Mining itself--even for less popular cryptocurrencies like Litecoin and ZCash--is nearly impossible to accomplish on your own, even with a high GPU computer. Most people mining cryptocurrencies have not only purchased specialized mining hardware, but have also joined mining pools--groups of individuals who pool resources to mine together and share on the rewards.

While perusing Twitter a few weeks ago, somebody that I follow posted a photo of his mining rig with the intent to mine Ethereum for profit (and probably some smart contract experimentation). I chimed in mentioning that instead of mining, maybe he should set up a Bitcoin full node, and start experimenting with a Lightning node layer on top of that, which can collect transaction fees.

It wasn't long before I received a DM in my Twitter app, asking about what I meant by a Lightning node. I took the time to reiterate the difficulties of mining cryptocurrency because of the need for high GPU resources--unless one wants to be totally dedicated and spin up some miners in Iceland or Western Seattle. What Bitcoin needs more than anything is for people to spin up Bitcoin full nodes to ensure enough decentralization. You can't collect transaction fees on a Bitcoin full node, so you're doing it out of the kindness of your own heart, but if you layer a Lightning node on top of that, it's possible to collect transaction fees there if you wanted to.

The Lightning Network (which is just now coming into MAINNET usage) is set make a huge splash on the cryptocurrency scene, and there are a lot of good things coming out of Lightning Labs at this time. If the idea is to passively collect cash from Bitcoin transactions, it would be better to run Lightning nodes unless you have a full commitment to expensive hardware. If the idea is to build applications on top of Ethereum using smart contracts, then it might be a good idea to look at all the great stuff being built on top of the Lightning Network.

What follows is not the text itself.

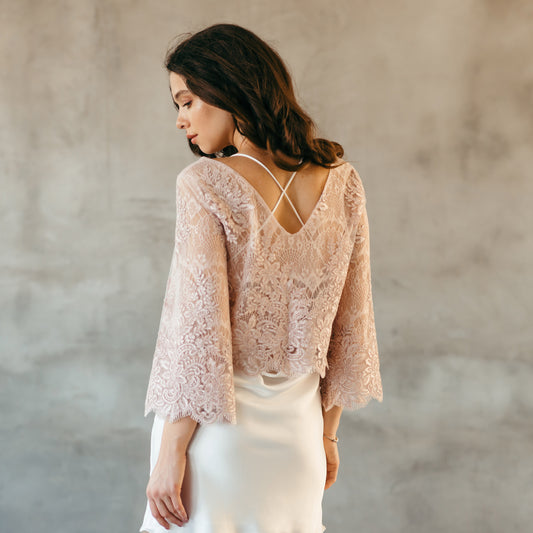 Blush pink lace wedding dress topper with floral pattern, bridal cover up with 3/4 long sleeves and cropped silhouette.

Ultimately, I feel like 2018 is going to be the year of Lightning. The Lightning Network has the opportunity to reduce Blockchain transaction traffic, which will reduce the ecological footprint of proof-of-work mining, speed up transactions, and drastically reduce transaction fees by using off-chain payment channels. On top of that, Lightning can support multiple cryptocurrencies, and companies are already experimenting with cross-chain atomic swaps. The future could see you being able to pay for a product listed in Bitcoin, but with Litecoin funds as the Lightning Network performs the exchange for you.

What we've seen so far from Bitcoin, Blockchain, and cryptocurrencies in general is just the start of an evolving technology, and the applications that get built from either smart contracts or the Lightning Network are going to be fun to keep an eye on.